Stateless persons: According to the OCMA, as of 01 January 2015, there were some 262,622 “non-citizens” and 180 officially recognized stateless persons legally residing in Latvia.

The status of “non-citizens,” who are neither citizens of Latvia nor of any other State under the operation of its law, is regulated by the Law on the Status of those former USSR citizens who are not citizens of Latvia or any other state (the Non-Citizens Law), which was adopted in 1995. Latvian State institutions do not refer to “non-citizens” as being stateless, but as having a unique, temporary legal status3 which confers more rights and benefits than the status of a stateless person under the 1954 Convention. As a result of acceding to the 1954 Convention, Latvia adopted the Law on Stateless Persons in 2004. This law defines, inter alia, the status of officially recognized stateless persons in Latvia and stipulates a formal procedure for the determination of statelessness. In practice, the status of stateless persons is similar to the status of other foreigners who legally reside in the country. The level of rights is determined by the type of residence permit which a stateless person holds. OCMA data indicate that most officially recognized stateless persons reside in Latvia on permanent residence permits.

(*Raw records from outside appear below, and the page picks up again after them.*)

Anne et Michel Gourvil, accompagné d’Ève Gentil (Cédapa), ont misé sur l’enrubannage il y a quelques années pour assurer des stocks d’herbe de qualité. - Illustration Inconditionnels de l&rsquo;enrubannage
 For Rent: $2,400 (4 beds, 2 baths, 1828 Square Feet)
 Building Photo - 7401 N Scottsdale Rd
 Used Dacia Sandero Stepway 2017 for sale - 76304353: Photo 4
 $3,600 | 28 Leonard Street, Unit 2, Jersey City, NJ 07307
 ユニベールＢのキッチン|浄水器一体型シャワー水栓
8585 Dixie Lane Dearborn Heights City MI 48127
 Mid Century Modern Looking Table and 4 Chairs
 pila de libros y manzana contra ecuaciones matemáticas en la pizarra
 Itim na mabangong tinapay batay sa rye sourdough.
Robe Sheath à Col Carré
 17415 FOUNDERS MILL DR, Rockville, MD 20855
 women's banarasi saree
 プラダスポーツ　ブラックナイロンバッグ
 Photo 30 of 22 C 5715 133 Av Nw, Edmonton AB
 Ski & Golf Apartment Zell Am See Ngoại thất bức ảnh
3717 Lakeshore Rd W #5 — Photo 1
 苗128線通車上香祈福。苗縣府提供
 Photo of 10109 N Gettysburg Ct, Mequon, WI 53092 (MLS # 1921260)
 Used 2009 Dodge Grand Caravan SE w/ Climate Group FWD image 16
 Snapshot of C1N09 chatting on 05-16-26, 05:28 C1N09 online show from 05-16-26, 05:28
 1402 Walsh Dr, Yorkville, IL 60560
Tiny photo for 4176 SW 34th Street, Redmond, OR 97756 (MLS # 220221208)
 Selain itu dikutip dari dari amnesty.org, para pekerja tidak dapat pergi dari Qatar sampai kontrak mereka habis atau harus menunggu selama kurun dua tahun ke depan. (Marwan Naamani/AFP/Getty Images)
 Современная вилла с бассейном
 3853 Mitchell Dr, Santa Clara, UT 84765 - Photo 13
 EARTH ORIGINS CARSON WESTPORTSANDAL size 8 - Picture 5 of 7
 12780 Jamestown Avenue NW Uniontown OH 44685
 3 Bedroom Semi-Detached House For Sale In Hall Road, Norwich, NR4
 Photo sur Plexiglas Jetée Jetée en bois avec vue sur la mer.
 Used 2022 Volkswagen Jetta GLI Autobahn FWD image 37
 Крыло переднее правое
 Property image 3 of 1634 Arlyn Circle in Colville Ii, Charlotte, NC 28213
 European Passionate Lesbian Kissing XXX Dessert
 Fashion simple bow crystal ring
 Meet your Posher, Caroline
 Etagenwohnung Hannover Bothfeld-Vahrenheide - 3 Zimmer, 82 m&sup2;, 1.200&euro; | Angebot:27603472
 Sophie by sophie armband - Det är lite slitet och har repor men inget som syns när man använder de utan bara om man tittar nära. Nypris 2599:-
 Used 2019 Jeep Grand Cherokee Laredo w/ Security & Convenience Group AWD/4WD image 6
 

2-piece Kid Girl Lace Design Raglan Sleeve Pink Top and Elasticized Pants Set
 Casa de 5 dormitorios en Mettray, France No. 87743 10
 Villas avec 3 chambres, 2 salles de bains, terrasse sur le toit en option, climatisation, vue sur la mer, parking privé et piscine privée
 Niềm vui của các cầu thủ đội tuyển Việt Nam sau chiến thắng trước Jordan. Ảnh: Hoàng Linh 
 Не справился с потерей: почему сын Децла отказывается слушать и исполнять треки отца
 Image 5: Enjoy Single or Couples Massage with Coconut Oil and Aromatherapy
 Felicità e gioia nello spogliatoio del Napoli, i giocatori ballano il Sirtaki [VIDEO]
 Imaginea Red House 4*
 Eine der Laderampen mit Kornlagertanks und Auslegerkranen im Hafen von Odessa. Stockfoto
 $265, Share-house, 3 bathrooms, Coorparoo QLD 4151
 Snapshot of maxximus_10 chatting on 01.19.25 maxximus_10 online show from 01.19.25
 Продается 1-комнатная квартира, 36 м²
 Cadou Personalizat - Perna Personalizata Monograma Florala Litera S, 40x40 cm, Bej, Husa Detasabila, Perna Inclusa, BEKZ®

Footnote 3 According to Latvia’s response during its 1st cycle UPR (May 2011): “The status of Latvia’s non-citizen is a specific legal status with temporary character that has emerged under specific historical circumstances, when Latvia regained its independence after 50 years of Soviet occupation and shortly afterwards the USSR itself ceased to exist. Latvia’s non-citizens cannot be compared with any other legal status of a person as defined in international law. Latvian non-citizens cannot be regarded as stateless persons in the meaning of 1954 Convention relating to the Status of Stateless Persons, as protection offered to non-citizens is far broader than what is required by the Convention for stateless persons.” See: Addendum to the Report of the Working Group of the Universal Periodic Review: Latvia, A/HRC/18/9/Add.1, 14 September 2011, re: recommendation no. 94.7, available at: http://www.ohchr.org/EN/HRBodies/UPR/Pages/LVSession11.aspx.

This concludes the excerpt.